Furious Flower Poetry Center hosts more than 20 scholars and poets to create an open-access curriculum

News
 
furious-flower-syllabus-lead

SUMMARY: Furious Flower Poetry Center and Furious Flower Advisory Board hosted 20-plus scholars and poets at James Madison University for a week to plan and construct the Furious Flower Syllabus, an open-access curriculum encouraging engagement with Black Poetry at all levels.


The Furious Flower Poetry Center, in partnership with the Furious Flower Advisory Board, hosted more than 20 scholars and poets at James Madison University in June to create an open-access curriculum for incorporating Black poetry into classrooms of all ages and levels. These pedagogical materials will be distributed to educators nationwide for free to encourage further engagement with Black poetry.   

Participants working to create the open-access resource titled, Opening the World of Black Poetry: A Furious Flower Syllabus, were placed into groups based on the academic level for which the materials were intended, such as high school, undergraduate, graduate, and community education. In these groups, they collaborated on the creation of educational materials like unit plans, exercises, course projects, and more. The educators used Furious Flower resources such as the center’s archive, housed in JMU Special Collections and available online, as well as Furious Flower’s published anthologies of poetry. The education materials will be coalesced, edited, and published as an open-access digital text in PressBooks with the support and assistance of JMU Libraries. 

shauna-morgan-phd-facilitates-conversation
(L-R): Furious Flower Advisory Board member Dana A. Williams, Ph.D.; Furious Flower Advisory Board member Shauna Morgan, Ph.D.; and Adrienne Danyelle Oliver, Ph.D.

Furious Flower Advisory Board chair McKinley Melton, Ph.D., stated that through the week the groups worked to build “a collaborative experience that is pedagogical in nature, but is ultimately rooted in the community that exists around Black poetry.”  

“I see us as building opportunities and avenues for people to explore Black poetry in their classrooms, in their community centers, in the midst of various different gatherings where Black poetry can be the substance of the meeting but it can also be the springboard for all the things that can come from it,” Melton said. “We are building foundations upon which many other things will be built through the teaching and the learning and the engagement of Black poetry.” 

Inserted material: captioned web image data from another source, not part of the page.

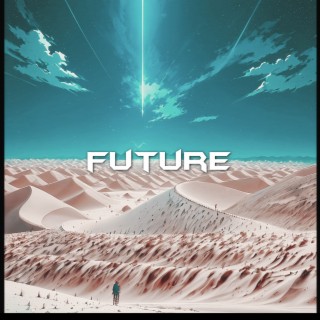 Future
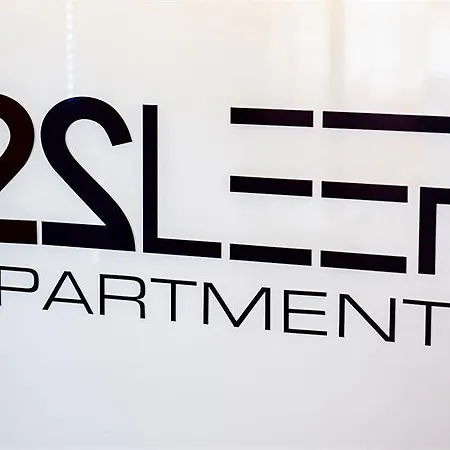 2sleep Hotel 3*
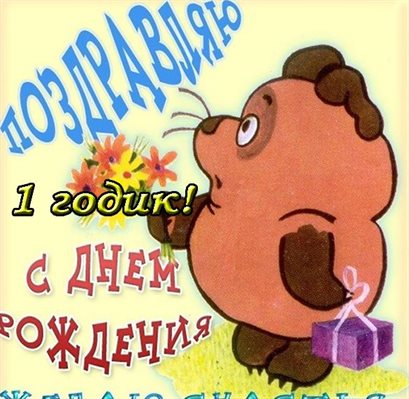 66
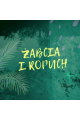 ŻABCIA I ROPUCH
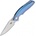 Bestech GHOST BT1905B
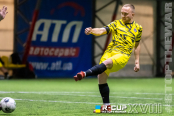 <a href="https://st.getinfootball.com/albums/1095345/685008c19373d_1920.jpg" target="_blank">Завантажити оригінал</a>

Funded by a $50,000 Equity in Verse grant from the Poetry Foundation, one of the largest grants Furious Flower has secured, this project seeks to expand engagement with Black poetry by creating educational materials for coursework at all academic levels and resources that can be used by community groups. 

Shauna Morgan, Ph.D., Furious Flower Advisory Board member, said that, for her, the open possibilities of the curriculum are the most exciting part of the work.

“We’re here creating something together, but it is something that can take shape and become all these many different things in the hands of different people. I love the possibility of that, of creating something that can then manifest into something that could impact our communities, students from [ages] zero to 100. I think that’s what’s most exciting: this is really the seed of something. And the seed itself serves a purpose, but that it can become so much more than that, that’s what’s really special.” 

l-lamar-wilson-and-ariana-benson-talk
(L-R): L. Lamar Wilson, Ph.D., and Ariana Benson

Lamar Wilson, Ph.D., a participant in the project, agreed: “We’re in a moment where we have the opportunity to really lift up and curate and provide resources for so many different people who don’t feel seen, who always—when they find our work — [realize] there’s a space for [them] in Black poetry; there’s a home for [them] in Black poetry. This resource, once it is open and on the Internet for people to find, there is no going back; there’s no going back from that. That’s the beauty of it. It will live forever.”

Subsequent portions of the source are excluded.